It is great that everyone discovered the decentralised, open source social media tool "Mastodon” as an “alternative” to Twitter. And at the same time showing support (ironically on Twitter) for the people impacted by the mass layoff.
If you want to understand what to do with Mastodon and if you should leave or not, here are two threads (yes, on Twitter). Emily Bender provides a quick overview — what to expect, how to connect etc. You will find plenty of other tips and tutorials. It will take some time to set things up.
Ethan Zuckerman (who btw, has been studying Mastodon for a while), provides a little more context of why we all should not abandon Twitter. He provides a good argument regarding the influence of Twitter in the world.
The bottom line is. Yes, open source, decentralised systems are nice. We all should use them but they are not for everyone. It will take a while for Mastodon to be something effective and influential like Twitter (both in a good and bad way). And when it happens — and here comes the rub — we tend towards a centralised, commercial system. As I mentioned in an earlier post — due to the lack of public support for independent, non-commercial media and basic laws of capitalism, we deserve a billionaire-owner platform. I do not see any strong alternative. We are probably in the declining age of social media until the next big thing comes (and it most likely won’t be decentralised). Charlie Warzel calls this, “Geriatric Social Media”:
There are a few things that I think are probably going on, instead. The first is that some platforms just have a natural network decay. Facebook was, at first, novel and exclusive (I got an invite from a friend who was in college! Very exciting!). Then, it grew and took on a different kind of utility (you could find all kinds of people on it from your past, or whom you met at a party!). Soon, every human you knew was on it, and, overnight, it morphed into a lot of people’s main news source. The loudest, angriest people—many of whom didn’t quite understand how to talk to people online—made it an unpleasant place to be, so a lot of people left or stopped engaging, and the loudest voices got louder.

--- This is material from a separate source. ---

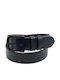 Wide Men's Belt Leather Blue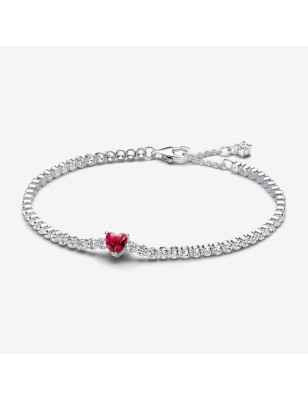 BRACCIALE TENNIS CON CUORE ROSSO DONNA PANDORA  590041C02-18 Pandora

The same thing is happening on Twitter. One thing I’ve noticed a lot is that a lot of my favorite power users have become power lurkers. They haven’t given up the platform, but they realize that posting is mostly a losing game full of professional liabilities, endless and futile fights, and diminishing returns. And that’s grim because, for those who do post, we’re much more likely to encounter the loudest, angriest, most politically charged voices in response, which in turn makes the place less fun to be around!
In the centralisation vs decentralisation debate, here’s one caveat to remember. Warzel also mentions it:
One place where I do get hung up on the social-media death-spiral argument is when it comes to the future of the “global town square.” Now, almost all social-media sites are siloed. Because people build out follower networks, everyone has a different experience on a given platform. We make our biggest mistakes on social platforms (especially lately) by assuming that any experience on an app is universal. But one thing that’s generally missing from the shift in social-media consumption is a central “town square” space. Right now, Twitter mostly fills this role for the journalists, politicians, and various addicted sickos.
In this sense, there’s not much difference between Mastodon and Twitter. If you setup and maintain your social network, it is a silo. And if this setup works for your community (your silo) then the tool or the platform is just a vehicle. However, the big difference is that there’s money, power, and politics behind the big platforms. Warzel. like Zuckerman, also argues to stick around to see how it all ends:
That nothing has come around to quite replicate Twitter’s incredibly messy “siloed and yet still very public and observable” nature is probably the best argument that the platform is sticking around—for a while, at least. That said, I think that Twitter will likely become even more weird and uncool than it already is. The platform has always been a strange little haven for news-addled nerds, but it seems that, as social-media creation and consumption patterns shift, Twitter will continue to resemble a generational time capsule—full of people who grew addicted to it during a time on the social web when it was A) cool or B) the beating heart of news and culture during a batshit presidency.
I think I am ok with that. As I said, we probably should think about other big problems. In any case, here are a few concluding thoughts:
Human communication is messy. Either is a physical or online town square.
Media and news outlets always have a close relationship with power and money. Yes, there are critical, independent voices but as I mentioned earlier, our priorities are about making a quick buck rather than creating a healthy, educated, media-savvy citizen.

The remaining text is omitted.